Urbanization in the tropics can accelerate the movement of large landslides

Funu_Landslide

Does the movement of a landslide change when a city is built on it? New research shows how more than 70 years of urban growth have disturbed the displacements of a large and now densely-inhabited landslide in the city of Bukavu, in eastern DR Congo. This is what researchers from the Royal Museum for Central Africa, in collaboration with partners from Africa, North America and Europe established from an analysis of hundreds of satellite images combined with historical photographs dating back to 1940’s. The study was published on Monday 5th December in Nature Geoscience.

2022-12-05

Urbanization and natural hazards

Human activities are transforming landscapes at rates and scales unprecedented in history. These changes are particularly drastic in economically developing countries of the tropics, where major demographic and economic shifts are driving unparalleled rates of urbanisation. In many regions of Africa and Asia for instance, young urban centres are expanding in a rather informal way, often overlooking natural constraints from the environment, and ultimately drastically increasing the population exposed to natural hazards.

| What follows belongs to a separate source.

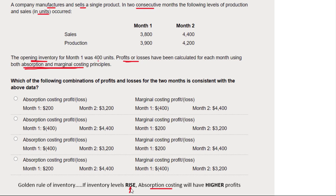That means you make more profit. The opposite is also true: when inventory levels go down, absorption costing has the lower profit. So what I need to do to answer this question is work out what happened to inventory levels in each of the two months.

On urbanized hillslopes, dozens of lives are claimed annually by small but high-velocity landslides that may wipe out houses in seconds. But slower and larger – sometimes km² in extent – landslides can also be present, here acting as a more pervasive hazard by causing progressive destructions of houses and infrastructure on entire neighbours over decadal timescales. These slow-moving landslides typically show long-term motion characterised by the succession of periods of relative dormancy and acceleration in response to natural stress perturbations (for example, seasonal precipitation, droughts or earthquakes). For instance, we often observe higher landslide velocities (e.g., from a few centimetre to a few dozen of centimetre per year) during wet seasons and complete or partial stop during dryer months. Yet, these insights on slow-moving landslide behaviour are primarily based on study of landslides in natural environments – typically sited in high-income/high-latitude countries (e.g., the Alps). As a result, our overall understanding of how constraints on the landscapes typical for the tropics such as informal urbanisation affect landslide processes remains very limited.

Funu_1959_2018

The large landslide in Bukavu in 1959 (left) and 2018 (right). The yellow dotted line delineates landslide. The very steep scarp that delimits the upper part of the landside is 100 meter high. Left photo: © RMCA; right photo: © A. Dille RMCA

 

 

Large slow-moving landslides, natural processes that are sensitive to urbanization

In a new study, researchers from the Royal Museum for Central Africa (RMCA) quantify for the first time how progressive hillslope urbanization changes the dynamics of slow-moving landslides. To this end, they study the seasonal, annual and multi-decadal motion of a large slow-moving landslide located in the rapidly expanding city of Bukavu in eastern Democratic Republic of the Congo (DR Congo). Seen as a safe haven in a region where violent conflicts have forced thousands to move over the past decades, the city of Bukavu is exemplative of the many cities in the tropics facing rapid and informal growth. Here originally established along the flat shoreline of the southern tip of Lake Kivu, the city progressively expanded on the steep – and landslide-prone – slopes of the Kivu Rift. Today, about one-third of the city is built on large deep-seated landslides.

This research was conducted in the framework of the MODUS project, a STEREO-III project funded by the Belgian Federal Science Policy Office (BELSPO), and coordinated by the Royal Museum for Central Africa.